Elle éteignit et remonta un peu la sonorité de la radio, qui éclairait la chambre comme une veilleuse vivante, et faisait la pige aux Saintes Vierges.

— Je n’ai pas voulu le dire tout à l’heure… quand M. Georges racontait l’histoire de la princesse… dit Martine, mais le fait est que je ne suis pas très bien couchée ! Et toi ?…

— Moi, ça va… j’ai fait mon creux…

— Je me suis renseignée pour le matelas à ressorts… Tu dors, Cécile ?…
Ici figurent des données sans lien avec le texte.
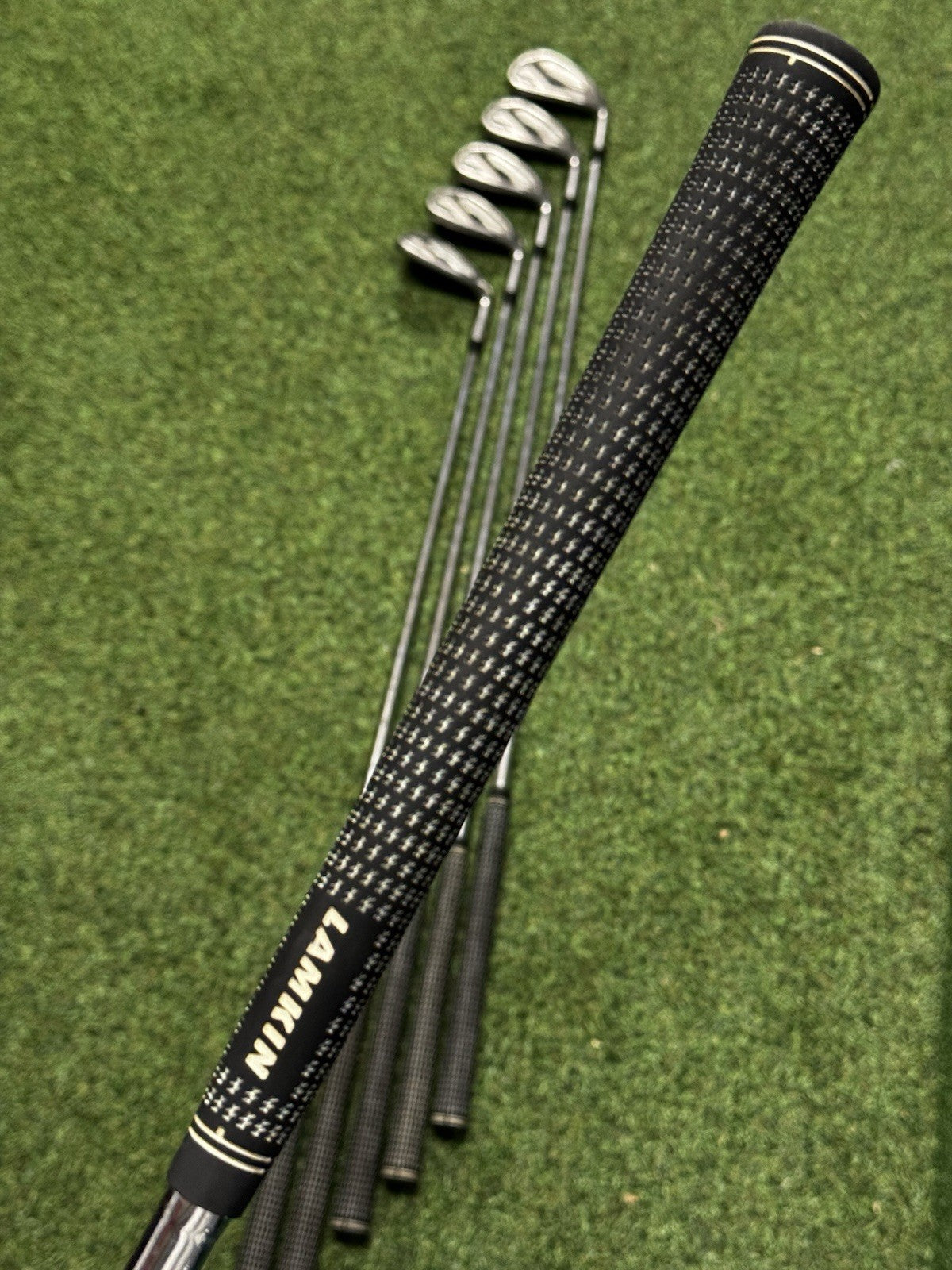 Callaway Mavrik Max Iron Set 6-SW Regular Flex KBS Steel Shafts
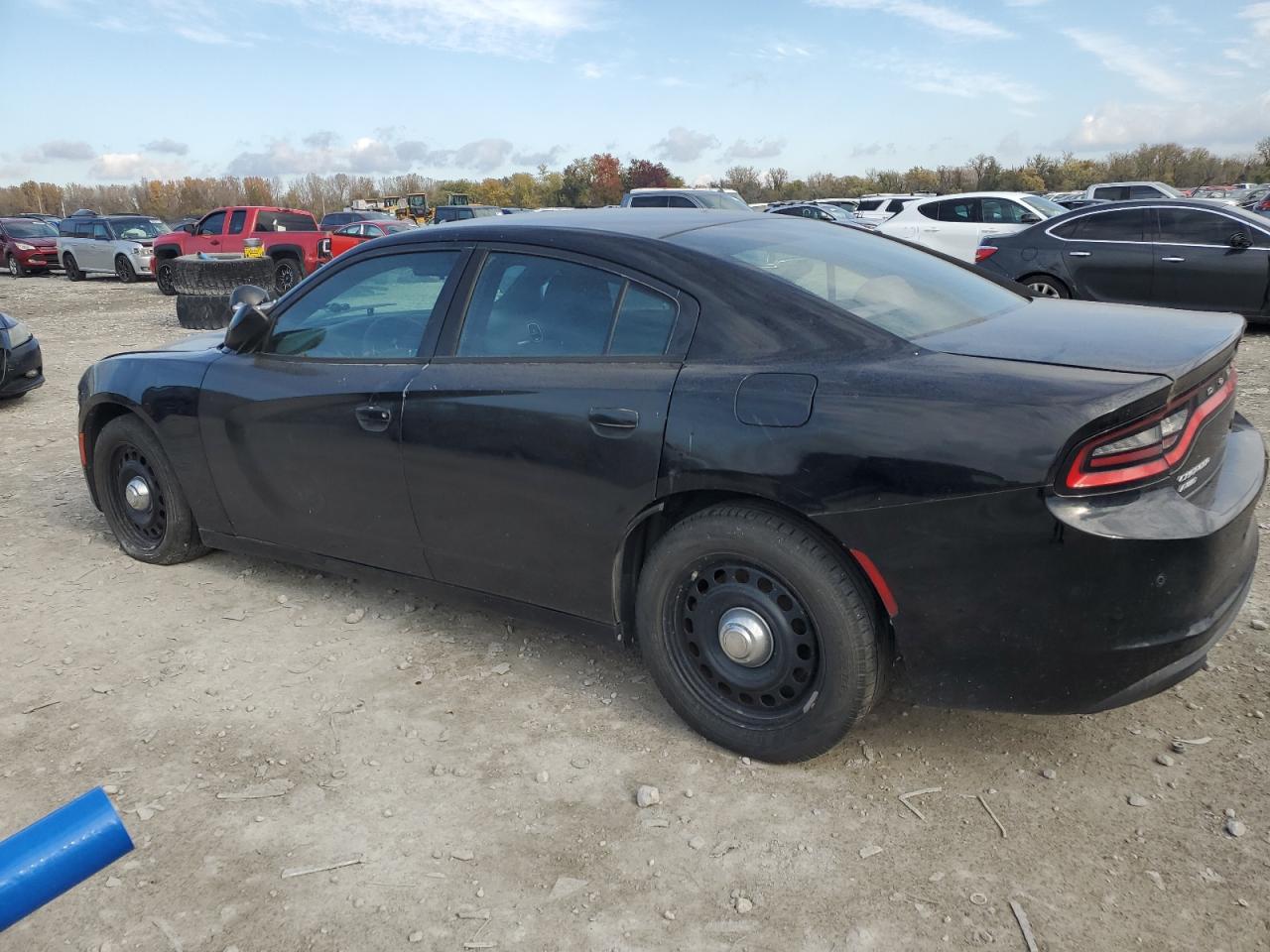 DODGE CHARGER POLICE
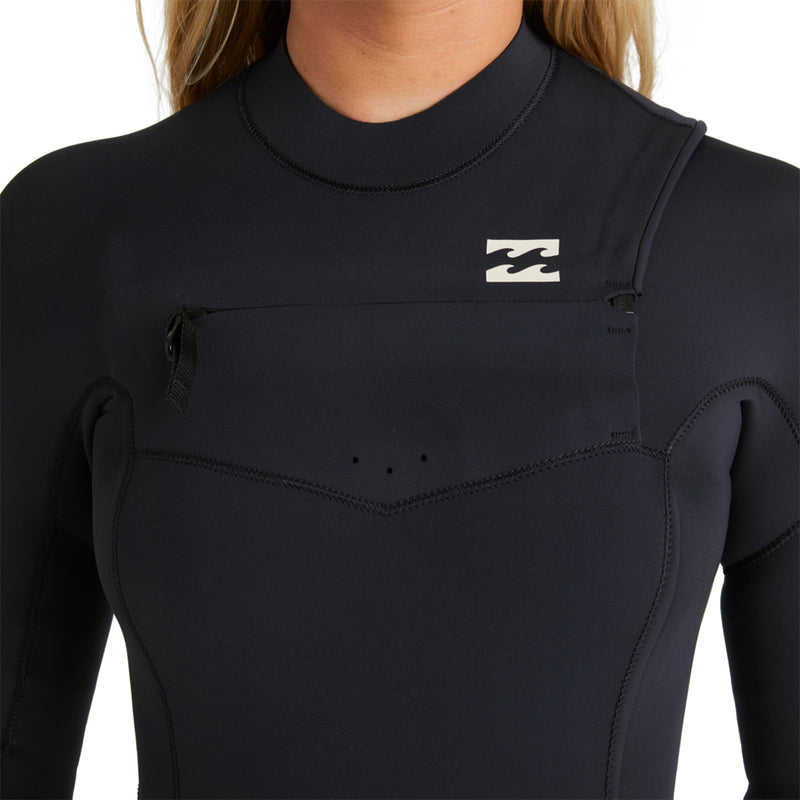 Load image into Gallery viewer, Billabong Women&#39;s Synergy Natural Upcycler 4/3 Chest Zip Wetsuit
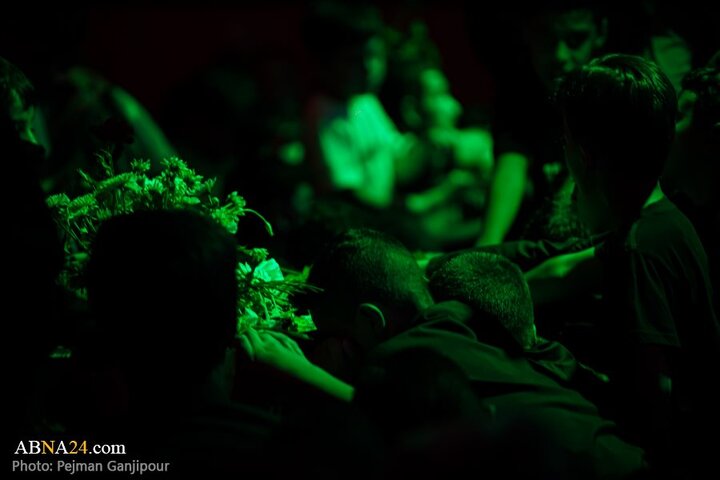 گزارش تصویری | وداع با دو شهید حملات رژیم صهیونیستی در درچه اصفهان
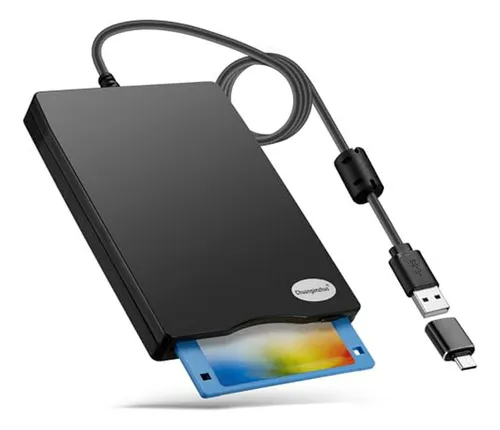 Lector De Disquete Usb Compatible Con Windows.
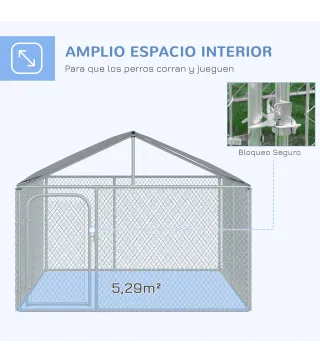 Perrera de Exterior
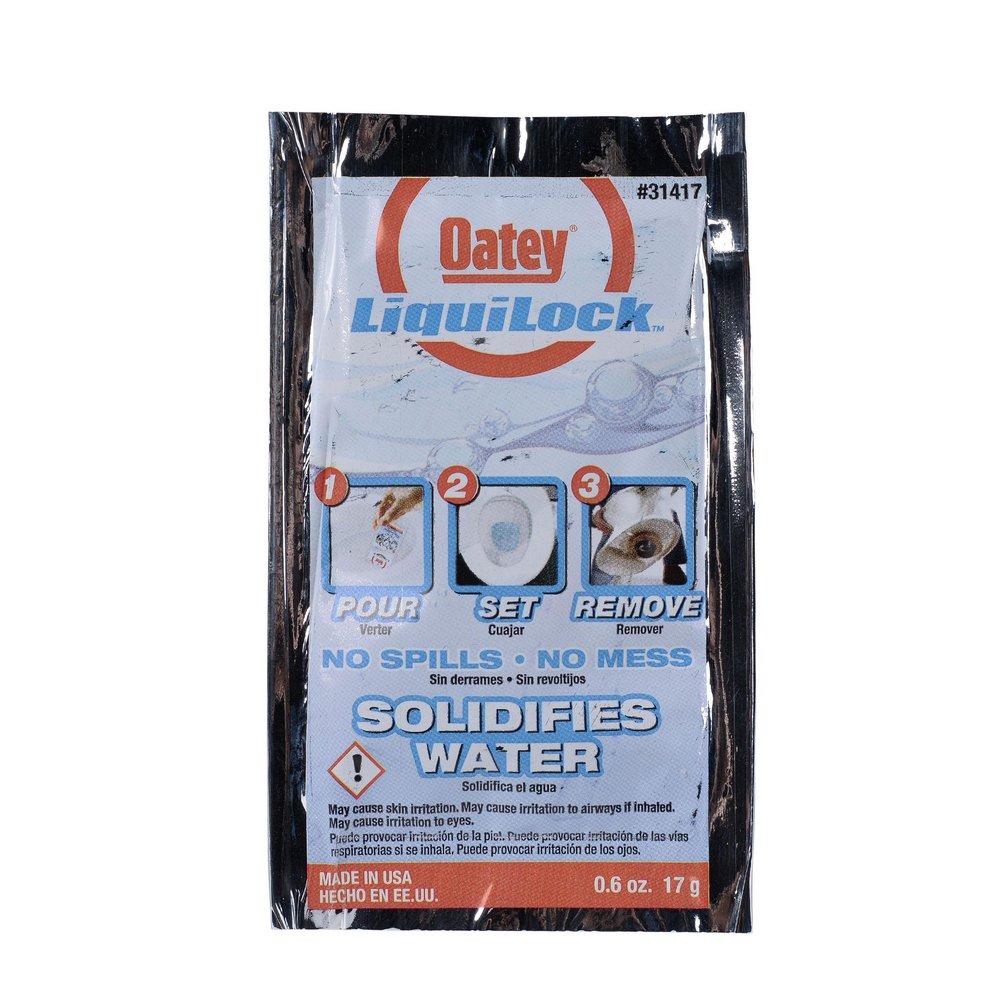 Oatey® LiquiLock™ 0.6 oz. Bathroom Cleaner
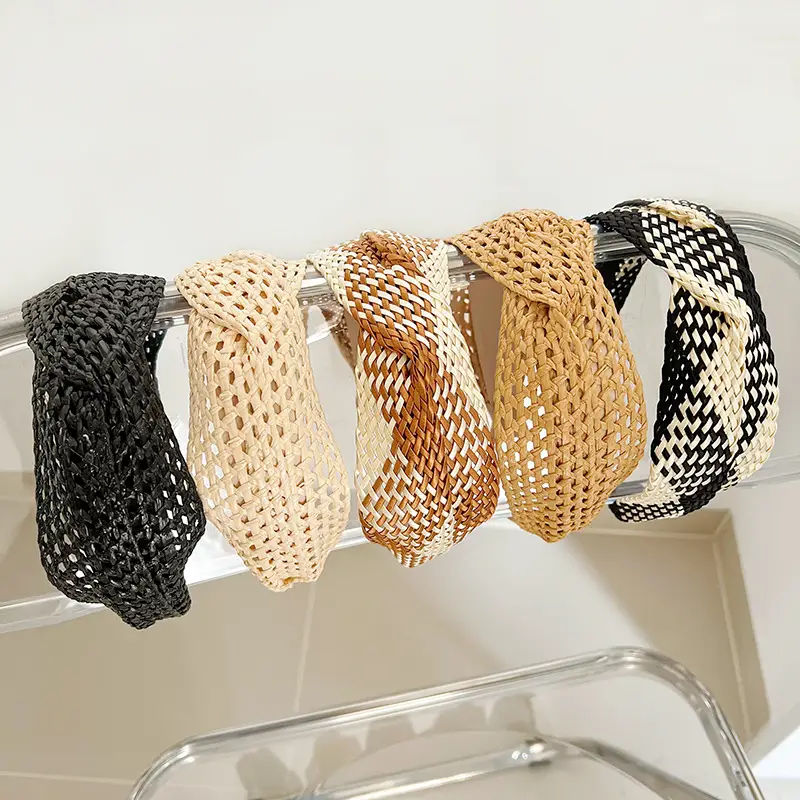 Cross-Border Braided Headband for Women Autumn Winter Yiwu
Cécile dormait. Martine retourna à Daniel. Non pas qu’elle l’eût quitté, mais quand elle se savait seule éveillée dans la maison endormie, c’était comme si personne ne pouvait entendre ses pensées. Elle était morte d’angoisse, rongée par l’inquiétude et le bonheur… Et s’il allait à nouveau disparaître ? Si cela devait recommencer ? L’attente ! La patience l’abandonnait, elle n’en pouvait plus… Ils avaient pris rendez-vous pour le samedi suivant, là-bas, sous les arcades. Daniel habitait au foyer de l’école, à Versailles, mais ne lui avait-il pas dit que les élèves étaient libres de sortir et de rentrer quand ils voulaient, que ce n’étaient pas des internes. Et, pourtant, il ne lui proposait pas de la revoir tout de suite, le lendemain… Il était raisonnable, il faisait ses études raisonnablement, il n’avait pas l’intention de sécher des cours pour elle. Il voulait bien la voir le samedi parce que, même s’il rentrait tard, il pouvait dormir le lendemain. Elle, elle était prête à ne plus jamais dormir de sa vie, pour ne pas en perdre une miette, pour voir Daniel, entendre sa voix, sentir ses lèvres sur sa main… Il n’avait même pas essayé de l’embrasser… Ah, mon Dieu, Martine n’en pouvait plus, sûr qu’elle allait en mourir, de cette attente, maintenant qu’elle pouvait compter les jours, les heures, les minutes-La vie réelle, c’était une chose atroce, elle allait son chemin, l’ogresse. Il fallait que Martine dormît pour Daniel, de quoi aurait-elle l’air ce samedi prochain… Et Martine s’endormit aussitôt.